■ Exercise brief
Your output must match the records below character for character.

■ The input

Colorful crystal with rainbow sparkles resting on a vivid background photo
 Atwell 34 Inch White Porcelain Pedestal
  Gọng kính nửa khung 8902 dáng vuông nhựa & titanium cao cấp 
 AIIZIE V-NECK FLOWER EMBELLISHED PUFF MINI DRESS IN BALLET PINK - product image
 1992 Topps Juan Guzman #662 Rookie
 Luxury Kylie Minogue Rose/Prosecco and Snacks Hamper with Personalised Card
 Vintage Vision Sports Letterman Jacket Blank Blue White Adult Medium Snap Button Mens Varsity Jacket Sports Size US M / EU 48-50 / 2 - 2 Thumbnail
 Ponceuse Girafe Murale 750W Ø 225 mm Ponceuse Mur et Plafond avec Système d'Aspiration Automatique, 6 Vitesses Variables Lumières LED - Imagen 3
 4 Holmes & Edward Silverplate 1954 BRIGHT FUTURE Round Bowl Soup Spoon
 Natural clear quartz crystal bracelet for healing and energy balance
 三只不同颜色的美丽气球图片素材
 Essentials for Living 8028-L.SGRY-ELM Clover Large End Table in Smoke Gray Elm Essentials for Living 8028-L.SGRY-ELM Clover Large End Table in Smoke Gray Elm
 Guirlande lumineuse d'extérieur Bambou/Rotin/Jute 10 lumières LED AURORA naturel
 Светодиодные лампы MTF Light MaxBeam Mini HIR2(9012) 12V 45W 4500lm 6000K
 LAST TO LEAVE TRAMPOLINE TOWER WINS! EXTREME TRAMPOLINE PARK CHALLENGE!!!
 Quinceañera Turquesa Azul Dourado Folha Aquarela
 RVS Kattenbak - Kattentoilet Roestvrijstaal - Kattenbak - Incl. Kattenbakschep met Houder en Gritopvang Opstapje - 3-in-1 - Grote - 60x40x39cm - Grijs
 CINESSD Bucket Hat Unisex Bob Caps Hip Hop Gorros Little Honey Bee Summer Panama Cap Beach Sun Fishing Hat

■ Written response
Colorful crystal with rainbow sparkles resting on a vivid background photo
 Atwell 34 Inch White Porcelain Pedestal
  Gọng kính nửa khung 8902 dáng vuông nhựa & titanium cao cấp 
 AIIZIE V-NECK FLOWER EMBELLISHED PUFF MINI DRESS IN BALLET PINK - product image
 1992 Topps Juan Guzman #662 Rookie
 Luxury Kylie Minogue Rose/Prosecco and Snacks Hamper with Personalised Card
 Vintage Vision Sports Letterman Jacket Blank Blue White Adult Medium Snap Button Mens Varsity Jacket Sports Size US M / EU 48-50 / 2 - 2 Thumbnail
 Ponceuse Girafe Murale 750W Ø 225 mm Ponceuse Mur et Plafond avec Système d'Aspiration Automatique, 6 Vitesses Variables Lumières LED - Imagen 3
 4 Holmes & Edward Silverplate 1954 BRIGHT FUTURE Round Bowl Soup Spoon
 Natural clear quartz crystal bracelet for healing and energy balance
 三只不同颜色的美丽气球图片素材
 Essentials for Living 8028-L.SGRY-ELM Clover Large End Table in Smoke Gray Elm Essentials for Living 8028-L.SGRY-ELM Clover Large End Table in Smoke Gray Elm
 Guirlande lumineuse d'extérieur Bambou/Rotin/Jute 10 lumières LED AURORA naturel
 Светодиодные лампы MTF Light MaxBeam Mini HIR2(9012) 12V 45W 4500lm 6000K
 LAST TO LEAVE TRAMPOLINE TOWER WINS! EXTREME TRAMPOLINE PARK CHALLENGE!!!
 Quinceañera Turquesa Azul Dourado Folha Aquarela
 RVS Kattenbak - Kattentoilet Roestvrijstaal - Kattenbak - Incl. Kattenbakschep met Houder en Gritopvang Opstapje - 3-in-1 - Grote - 60x40x39cm - Grijs
 CINESSD Bucket Hat Unisex Bob Caps Hip Hop Gorros Little Honey Bee Summer Panama Cap Beach Sun Fishing Hat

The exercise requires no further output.